BEGIN

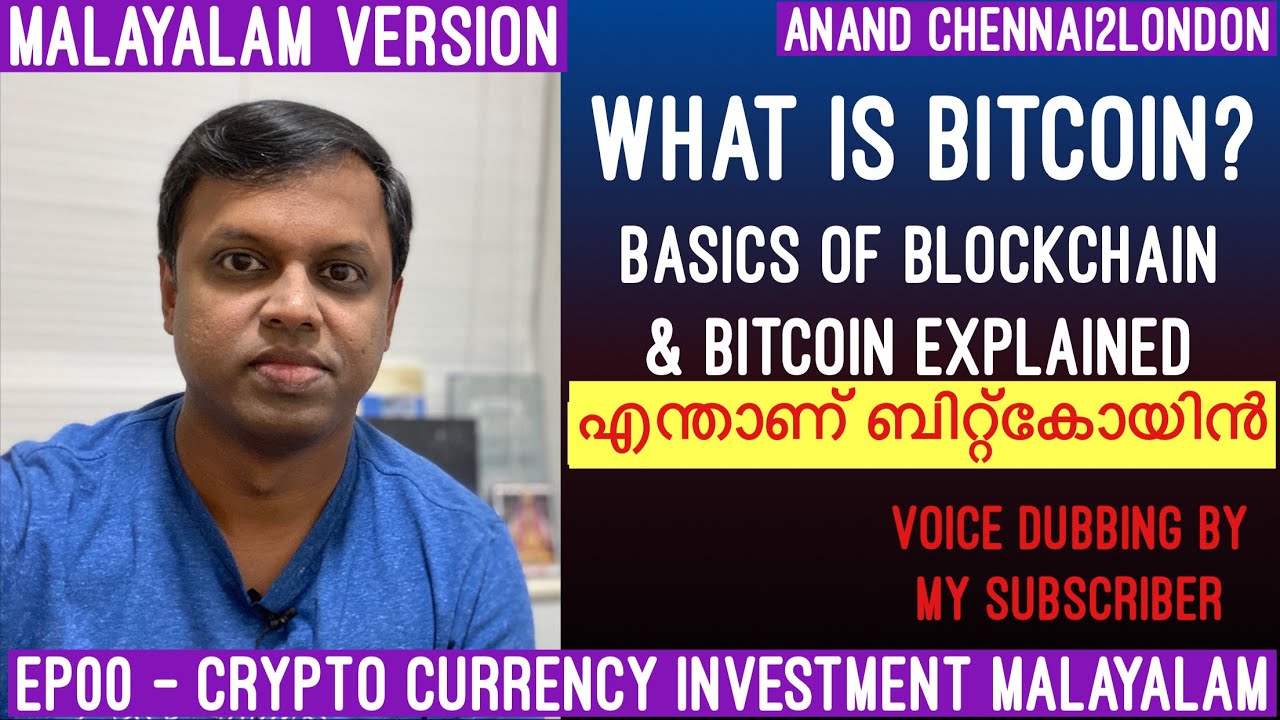 Bitcoin mining meaning in Malayalam | Bitcoin mining translation in Malayalam - Shabdkosh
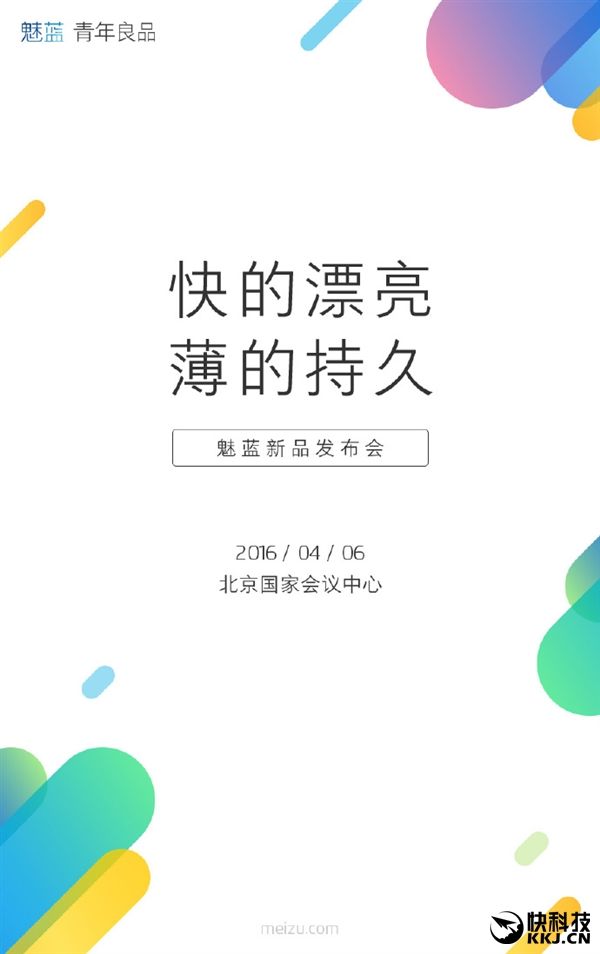 Meizu M3 Note Launch Invitation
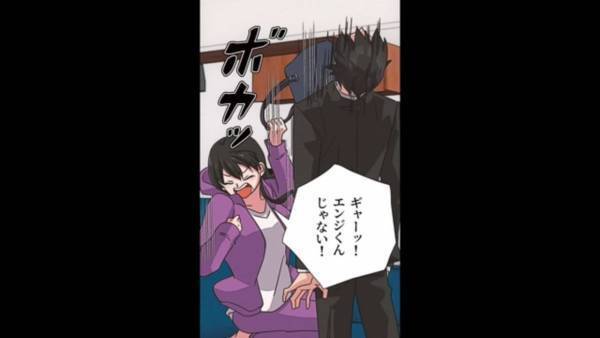 妻が仕事をしていないことが判明…⇒「俺より早く家を出ていたのも…」事実を知った夫が幻滅。さらに妻のバッグから“一枚の紙”が落ちて…！？【漫画】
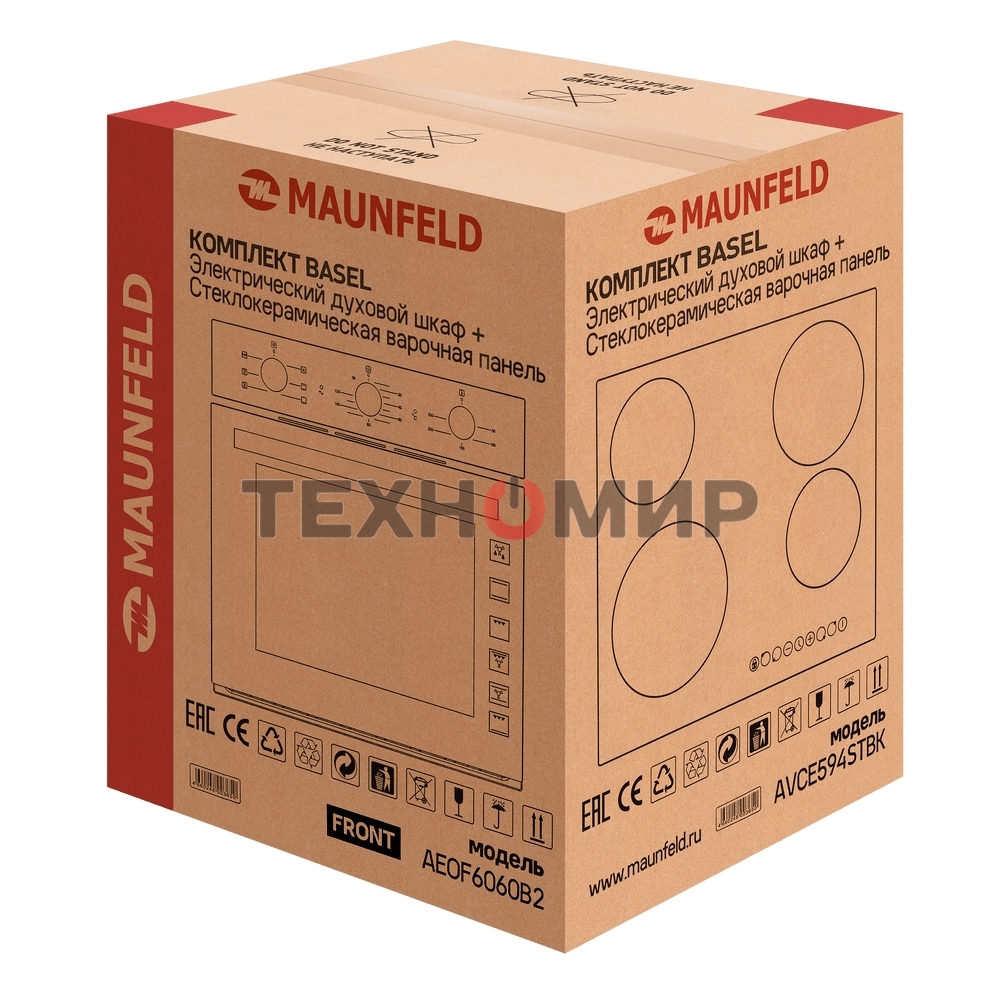 Встраиваемый комплект Maunfeld Basel черный/черный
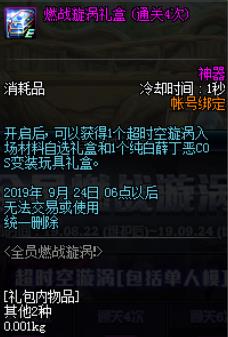 DNF全员燃战漩涡活动内容奖励_DNF全员燃战漩涡活动攻略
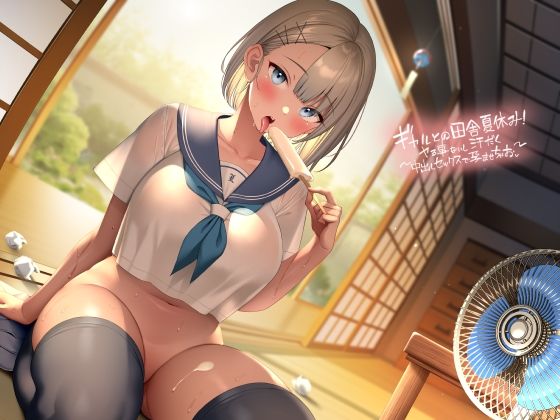 ギャルとの田舎夏休み〜やる事ないし汗だく中出しセックスで孕ませちゃお〜【フォーリーサウンド】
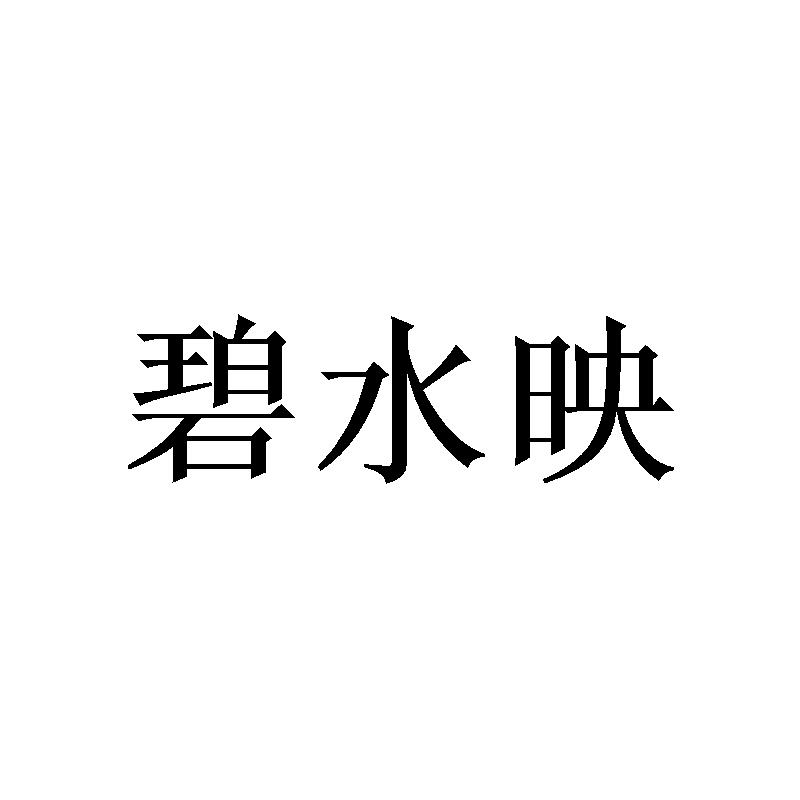 碧水映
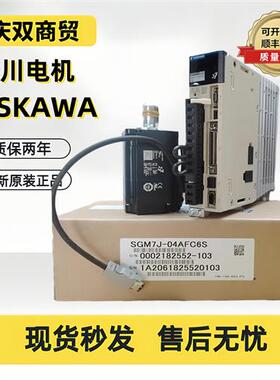 SGMGH-05/09/13/20/30/44/55ACA61/21/41/2C/4C/6C/6S/2S现货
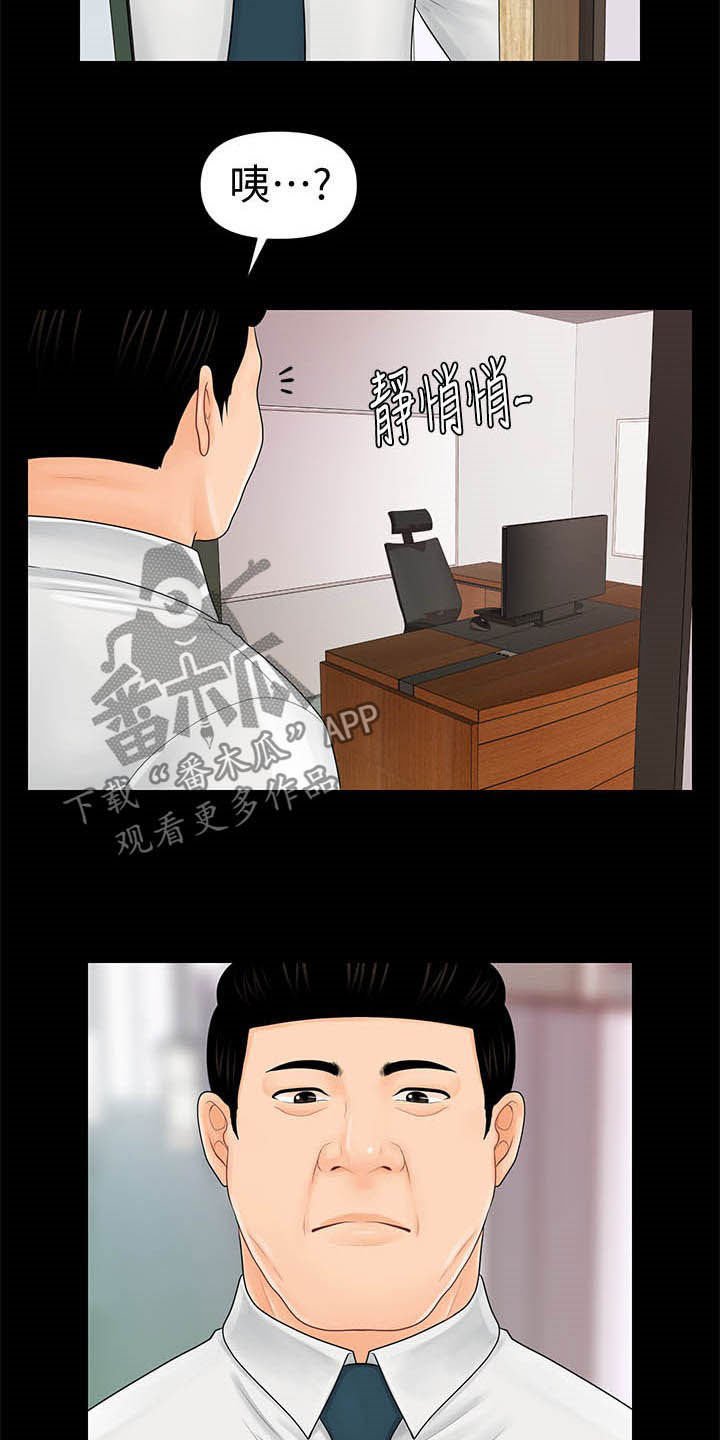 第47章：王八蛋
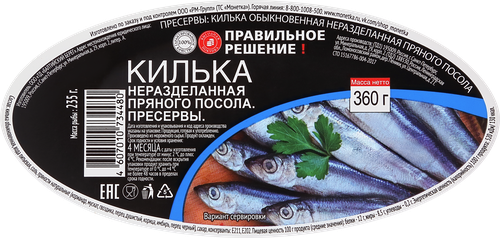 Килька ПРАВИЛЬНОЕ РЕШЕНИЕ в пряно-солевой заливке, 360г, вид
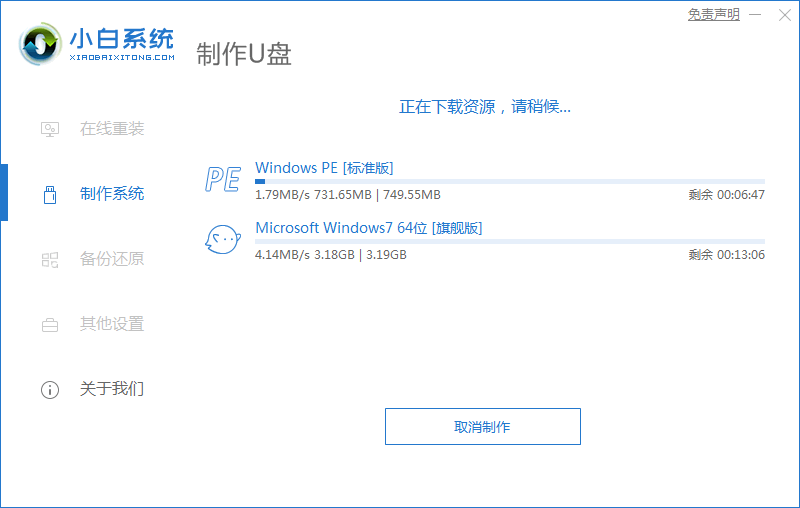 電腦黑屏怎么重裝系統(tǒng)win7(圖11)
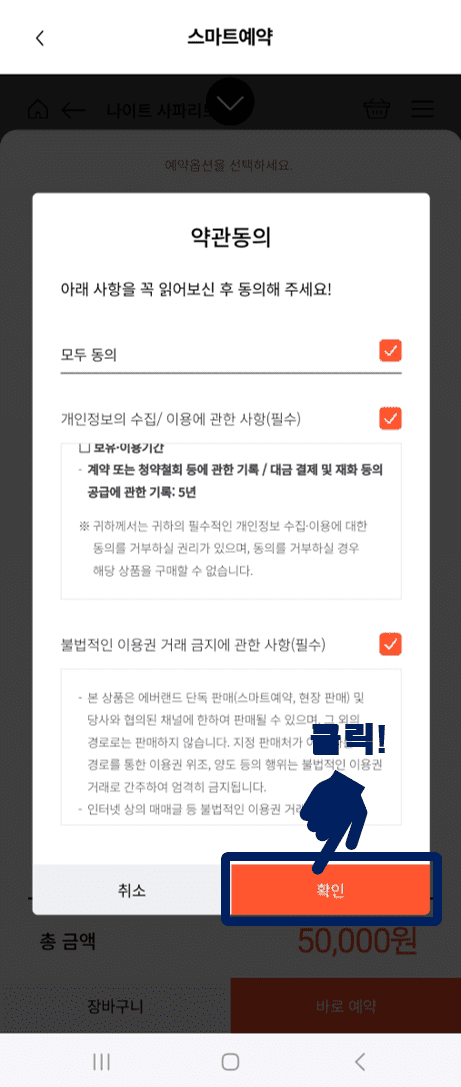 일곱 번째, 에버랜드 나이트 사파리 모바일 예약 방법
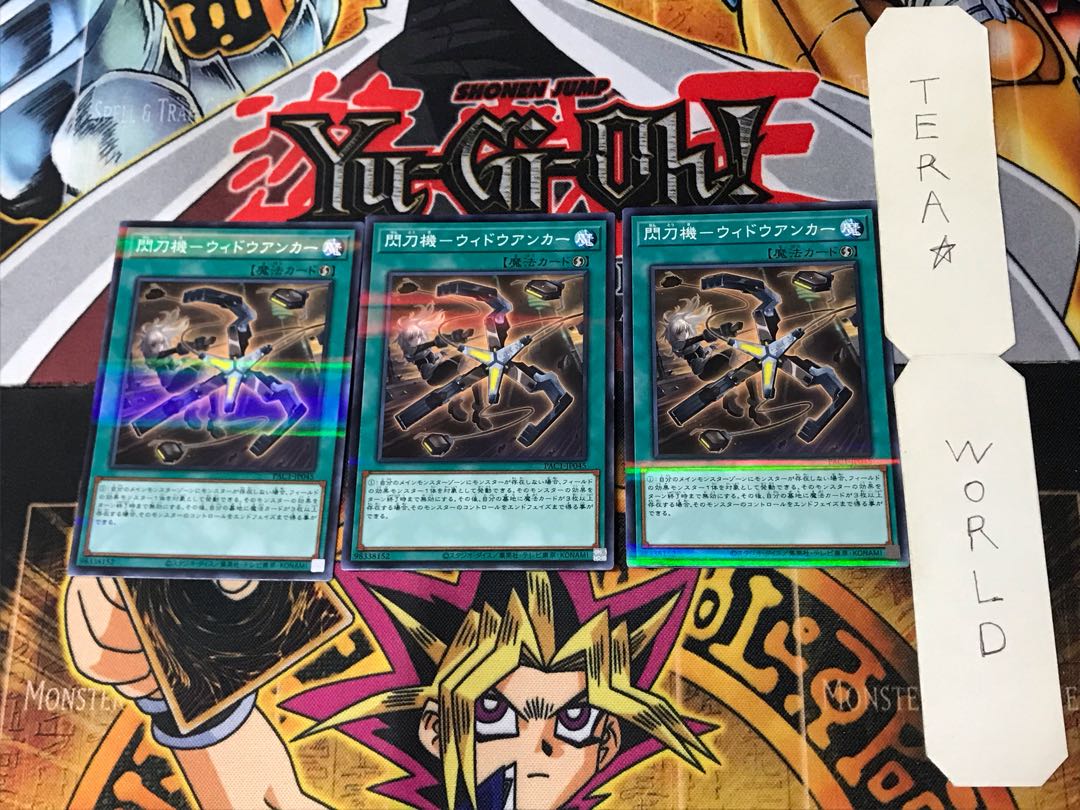 Senkouki - Widow Anchor 5 Normal Parallel 3-card set Tera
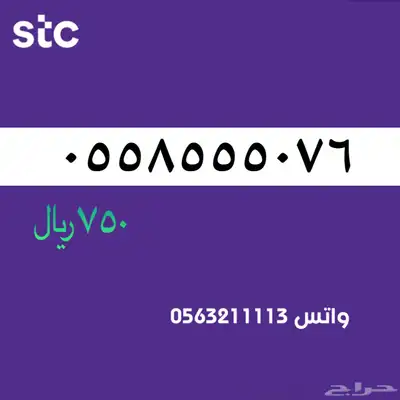 ارقام مميزة من الاتصالات سعودية سوا STC 45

END

Task directions |
Copy the final stretch of lines, starting at the one that holds "電腦黑屏怎么重裝系統(tǒng)win7(圖11)" and ending at the last line of the data, exactly; omit pictures.

Solution to this exercise |
 電腦黑屏怎么重裝系統(tǒng)win7(圖11)
 일곱 번째, 에버랜드 나이트 사파리 모바일 예약 방법
 Senkouki - Widow Anchor 5 Normal Parallel 3-card set Tera
 ارقام مميزة من الاتصالات سعودية سوا STC 45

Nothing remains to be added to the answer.